Au contraire, over a 60 year career, Dave Pike went everywhere musically and geographically. He went where his music could take him to find work in concerts, clubs and on recordings. Dave was a musician who loved to perform. He was a working musician.


I usually don’t take exception to what other writers have to say about the music and its makers, but the Cook-Morton comment about Dave Pike “going nowhere” in their review of his Riverside recording It’s About Time really got to me.


So I set about to gather informed opinion about Dave that took an opposing position to Cook and Morton regarding Dave Pike’s qualities and abilities as a musician.


I disagree with their assessment of Dave’s music and style and so do many others including those Jazz musicians who have worked with him, Jazz authors and critics and discerning Jazz fans both in the USA and abroad.

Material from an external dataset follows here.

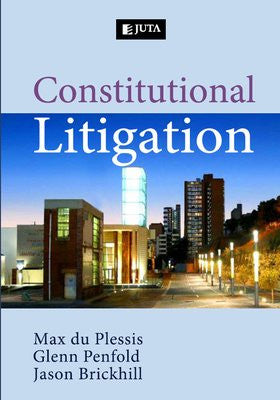 Constitutional Litigation - Elex Academic Bookstore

Dave Pike was a bebopper down to his socks and proud of it and, as such, he was one bad cat who swung so hard he could throw you into next week.


Unlike Lionel Hampton who pounded the instrument to death, or Milt Jackson who played the same blues inflected riffs throughout his career or the cannonade of notes that Bobby Hutcherson unleashed on every tune, Dave thought about what he played and rarely repeated himself or employed rote licks or phrases.


I’ve tried to arrange the following materials in chronological order so as to give you the sense of the sweep of Dave’s career and the consistency of his creative drive.


If you really sit down and listen to Dave Pike, you’ll more than likely come to the same conclusion that I did: he is a distinctive, daring musician who deserves more appreciation for his singular abilities as a Jazz vibraphonist.


The subtitle of this piece on vibraphonist Dave Pike who passed away on recently is taken from Leonard Feather and Ira Gitler’s The Biographical Encyclopedia of Jazz.


There are very few references about Dave in the major tomes about Jazz and Jazz musicians.  Fortunately, Leonard got the opportunity to hear Dave in performance during Pike’s various stints in southern California and his respect and admiration for his abilities as a Jazz player grew with each listening.


Thankfully he also made it into The New Grove Dictionary of Jazz with the brief, retrospective of his career by Gary Theroux.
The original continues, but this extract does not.